While town officials are putting the finishing touches on a filmmaking permit process, local businesses are getting ready for additional business this summer.
“I’m absolutely proud and delighted that Warner Bros. Film Studio has chosen to do substantial filming of ‘The Judge’ in our blessed wee village of Shelburne Falls,” said entrepreneur Michael McCusker, former owner of McCusker’s Market and current owner of the Bridge of Flowers Business Center. In a one-page letter that McCusker handed out at Buckland’s annual town meeting, he said: “I feel that the inconveniences that we will undoubtedly tolerate (which means a little more preplanning of our day) is easily worth it, when I consider the tremendous value the production process brings to the village. ... Having a movie here sheds a most positive light on us one and all, and thus becomes an invitation to ‘customers’ to visit us from nearby communities.”
“At the end of the weeks of filming, we will have benefited from a tremendous marketing package to be felt for months and years to come,” McCusker concluded.
Meanwhile, the Greater Shelburne Falls Area Business Association has announced a special merchants promotion, to help introduce the local village businesses to the filmmakers. The association will be creating eight local products gift baskets that will be given to “The Judge” film stars, the producer and director. Association members have been invited to include some of their products.
Also, the business association will create a Shop Local Card to be given to each of the estimated 130 crew members who will be in the village for about three weeks, according to an email from the business association sent out on Thursday.
“We have been told that 80 percent of the crew are from Massachusetts, so they could very well come back to the region with family and friends after filming,” said the notice.
The card will resemble a debit card, with a picture of the area on the front and a special code on the back, along with a website address. When users log in to the website, there will be a list of participating businesses, contact information and the promotion that each would like to offer. The card will be valid from this June until Aug. 30, 2014. At any time, participating businesses will be able to update or change promotional items. Also, they will be given signs to post in store windows, showing that they are participants in this “shop local” effort.
Businesses must belong to the business association to participate, and they must contact the business association by May 20 if they want to be part of this effort. To join, members should email the business association at info@shelburnefalls.com
Last June, Shelburne Falls was the setting for a coming-of-age Hollywood film called “Labor Day,” starring Kate Winslet and Josh Brolin. That film was directed by Jason Reitman and is expected to be released for distribution this year. The movie was about an unhappy single-mom and her 13-year-old son in a New Hampshire mill town. It was set in the 1980s, and so the Shelburne Falls storefronts shown in the film were given 1980s “makeovers,” and the actors wore vintage clothing. The village temporarily became “Holton Mills,” with fake road signs to go with it.

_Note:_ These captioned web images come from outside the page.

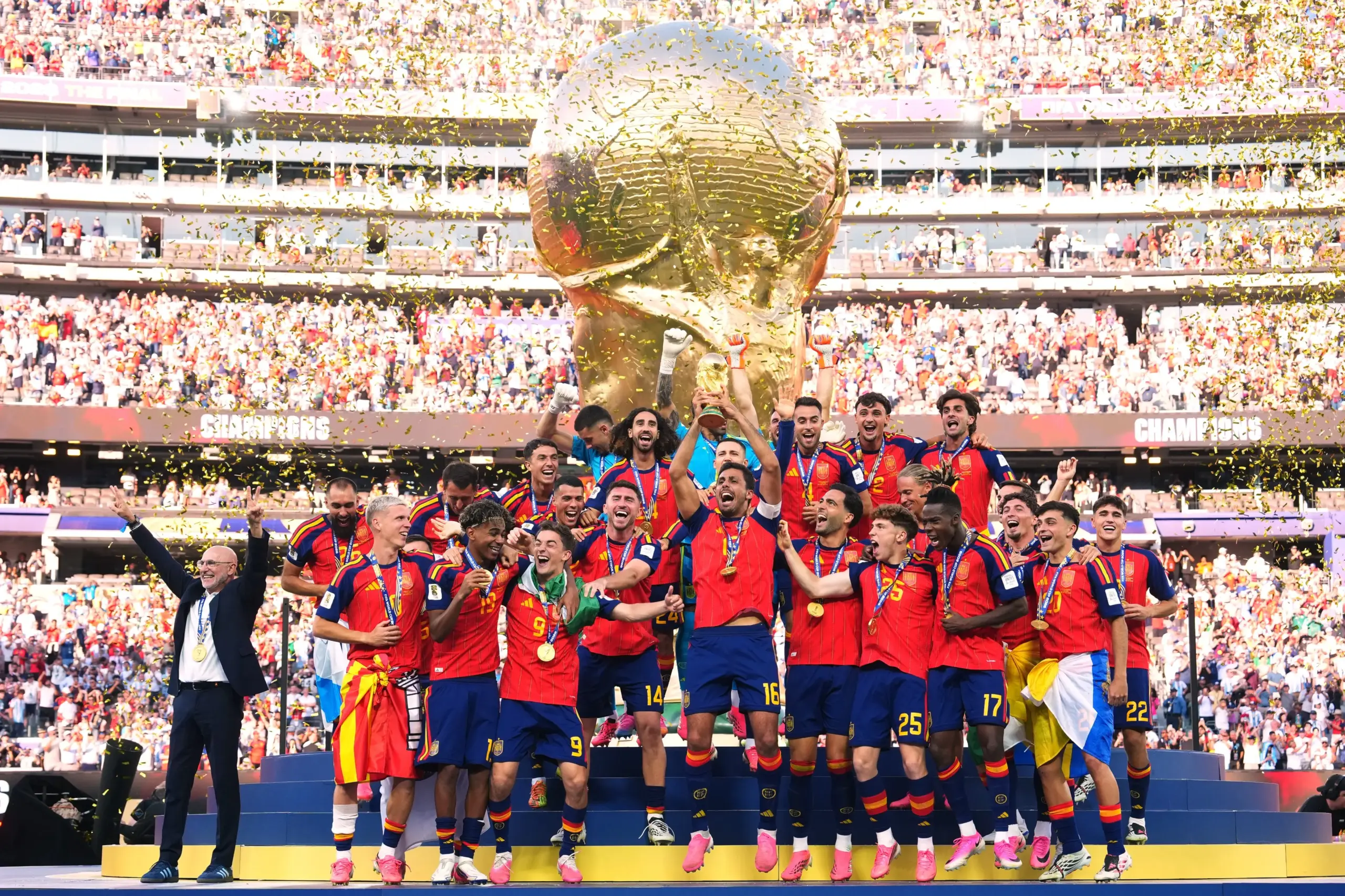 ESPAÑA CAMPEONA DEL MUNDO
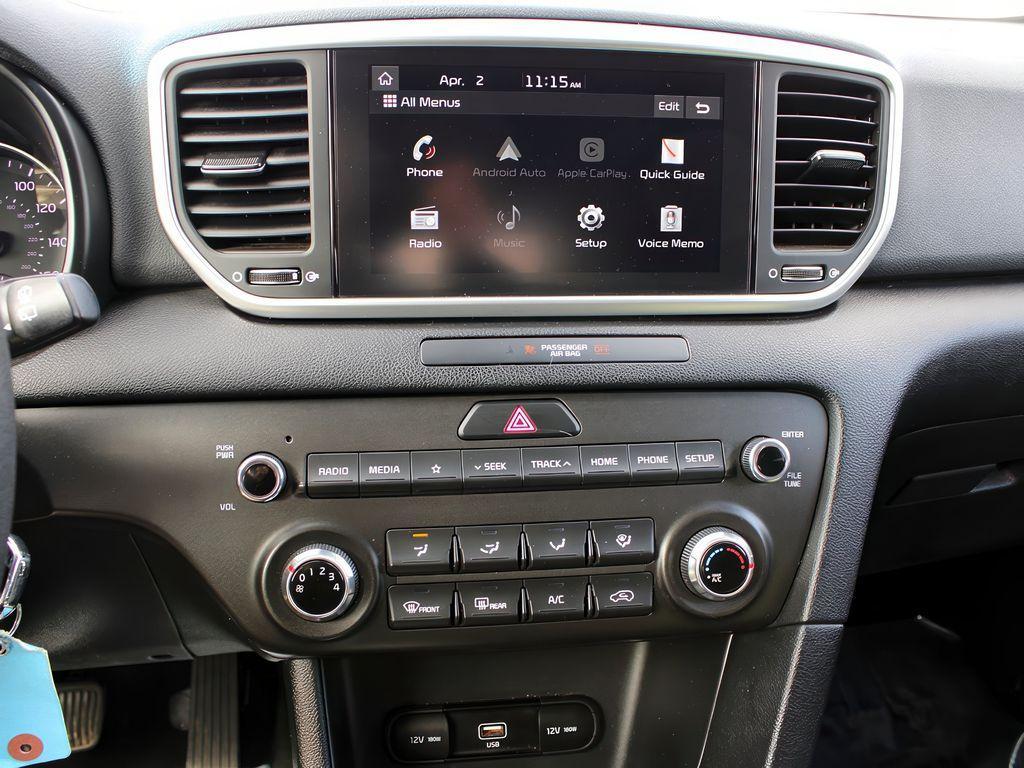 used 2021 Kia Sportage car, priced at $16,798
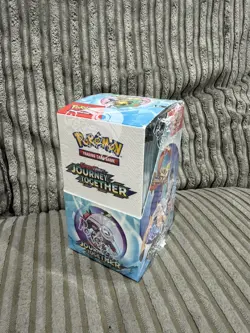POKEMON TCG - JOURNEY TOGETHER HALF BOOSTER BOX (18 PACKS) (SEALED, ENGLISH) - Image 2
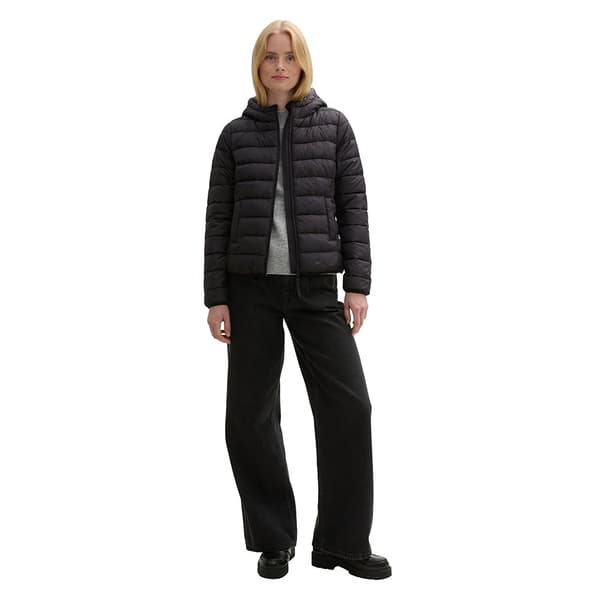 Tom Tailor 1042098 Lightweight Jakke Sort 2XL Kvinde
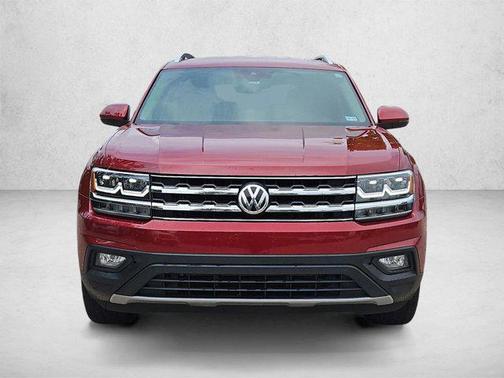 Fortana Red Metallic 2019 Volkswagen Atlas 3.6L SE w/Technology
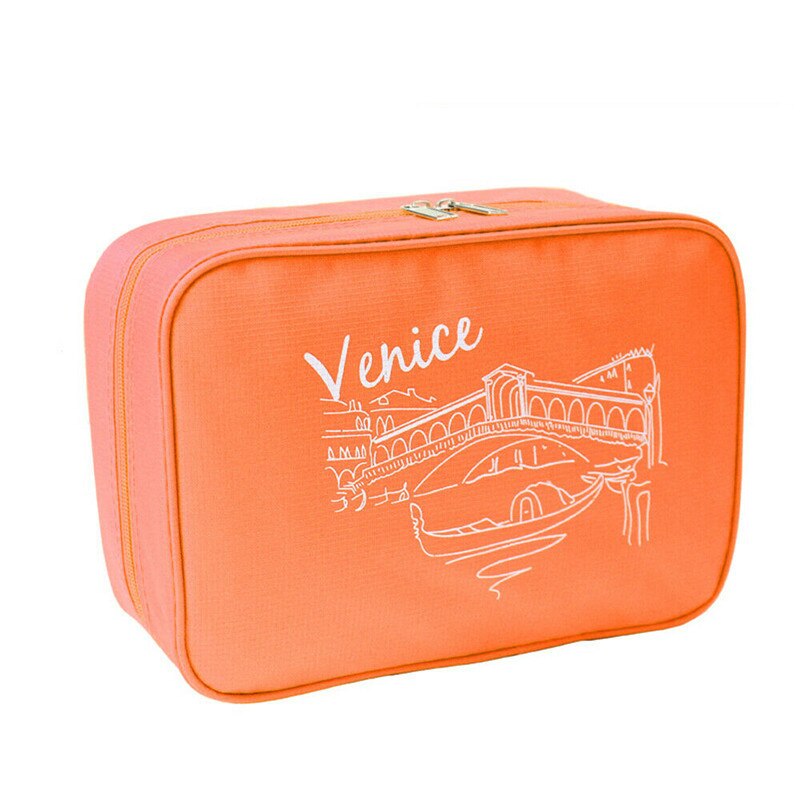 Impermeabile di Trucco Cosmetico Borsa Da Toilette Caso Appeso Sacchetto Wash Dell'organizzatore Di Immagazzinaggio Borse Da Viaggio: 5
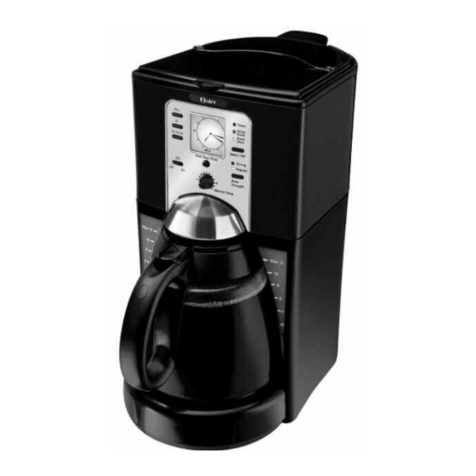 Oster 3305-33 Manuel utilisateur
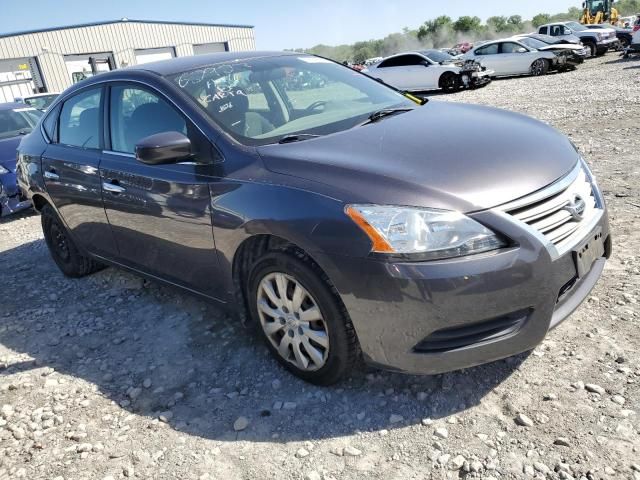 2015 Nissan Sentra S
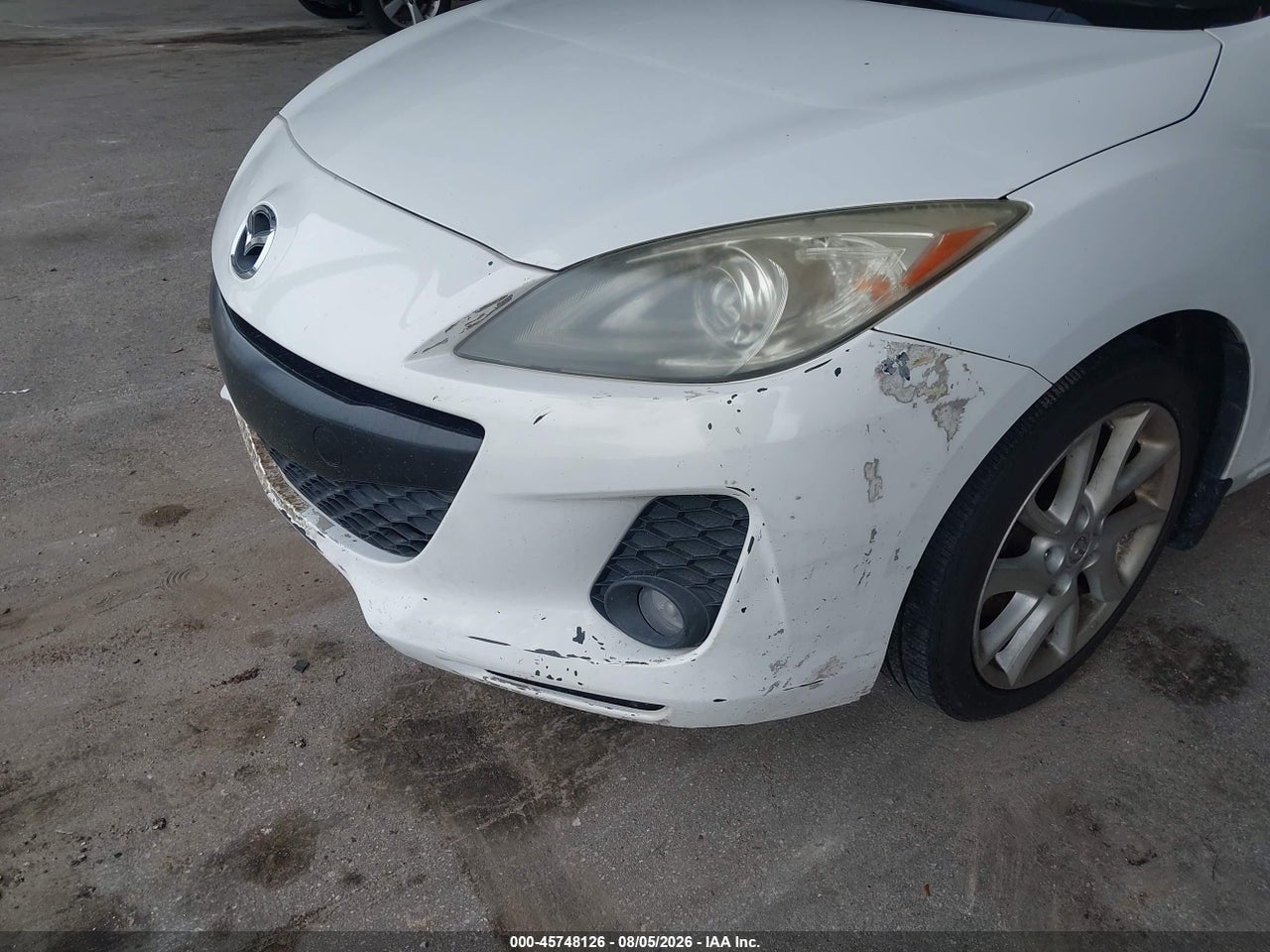 2012 MAZDA MAZDA3 S GRAND TOURING · 6/11
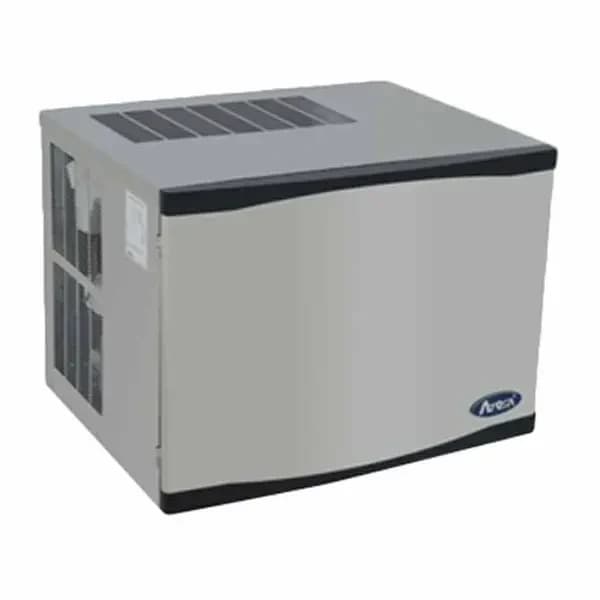 Atosa YR450-AP-161 460 lb. Air Cooled Half Dice Ice Machine 30-1/8"W — main image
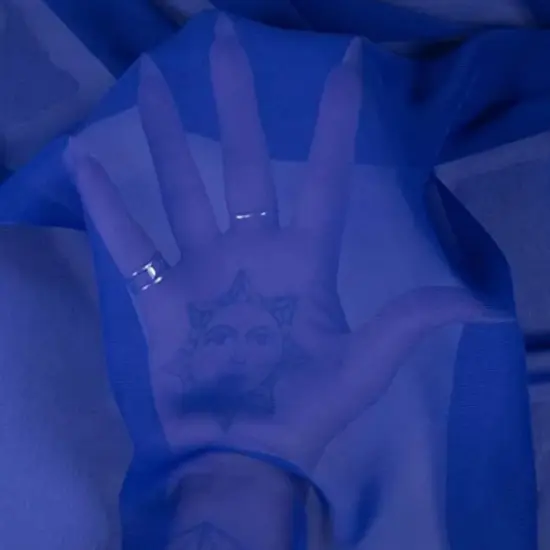 High Multi Chiffon Sheer Fabric &ndash; 60" Wide | Lightweight, Drapey Material for Wedding, Event, and DIY D&eacute;cor &ndash; FabricLA {6}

This June, Warner Bros. will be filming scenes for “The Judge,” which stars Robert Downey Jr., Vera Farmiga, Leighton Meester, Robert Duvall, Vincent D’Onofrio and others. The plot is about a successful lawyer who goes to his hometown for his mother’s funeral only to discover that his estranged father, the town’s judge, is suspected of murder.
A Warner Bros. production office has been set up on Bridge Street, and filming is expected to start in June.